The list, alas, is long. Begin with public officials who have exploited the issue for 20 years, advocating phony feel-good nostrums like the current fad for drug testing in the workplace, as if mid-level bureaucrats were society's prime offenders. Joining the politicians in the dock are those antidrug crusaders who have either squandered credibility with exaggerated scare talk or strained credulity with prissy pronouncements.
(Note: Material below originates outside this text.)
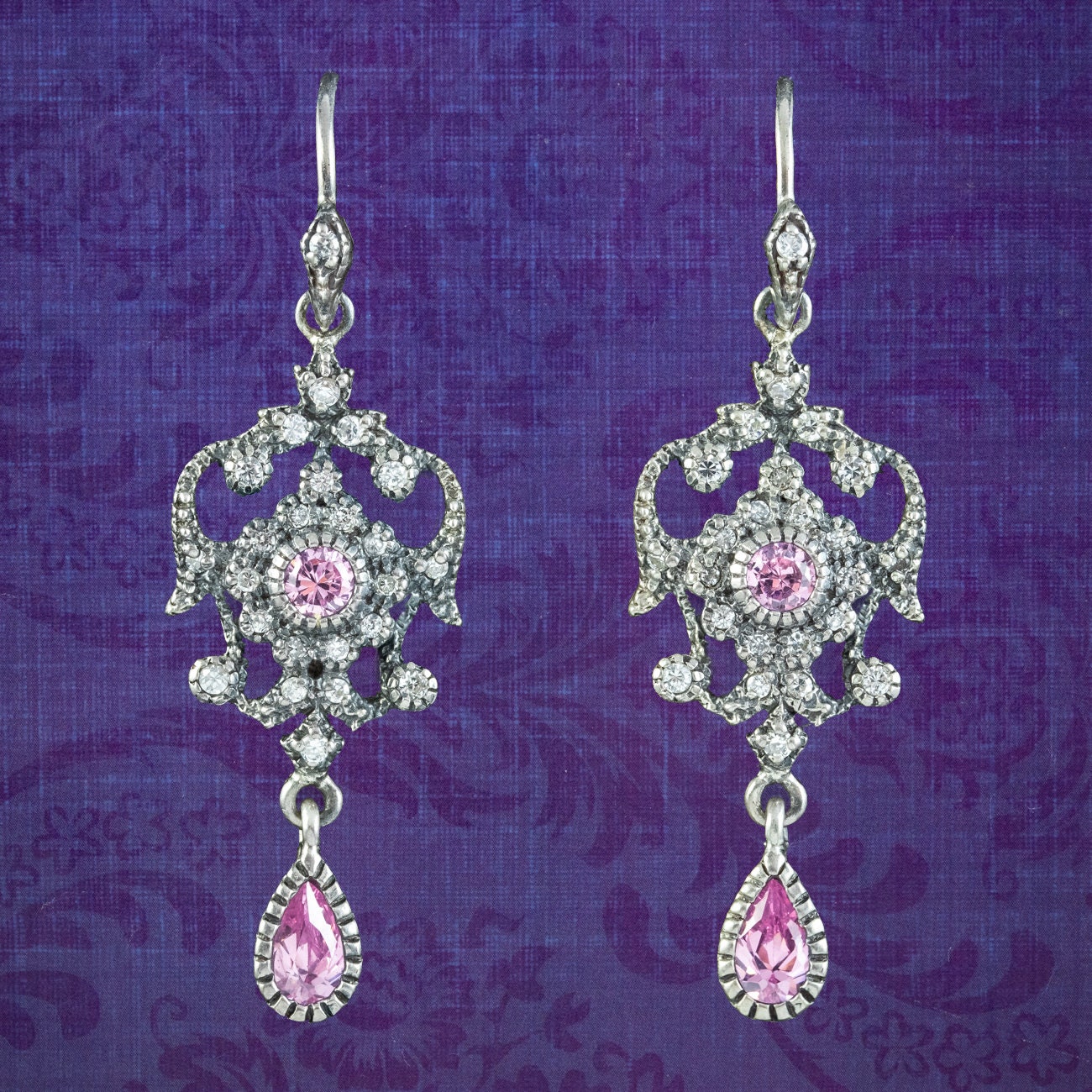 Edwardian Style Pink Cubic Zirkonia Ohrringe Silber von LaurelleLtd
The media are culpable as well, for sensationalized coverage that has often served to glamourize the menace they are decrying. Then there are the social-policy conservatives who purport to see no connection between the flagrant neglect of the economic problems of the underclass and the current crack epidemic. And sad to say, well-intentioned parents can also contribute to the hysteria by viewing drugs as the sole cause of their children's problems, rather than as a symptom of family-wide crisis.
For drug use, as Bennett argues, is indeed a reflection of the nation's values. And as long as American society continues to place a higher premium on titillation than truth and on callousness than compassion, the latest attack on drugs may prove, like all the failed battle plans of the past, to be mostly futile flag waving.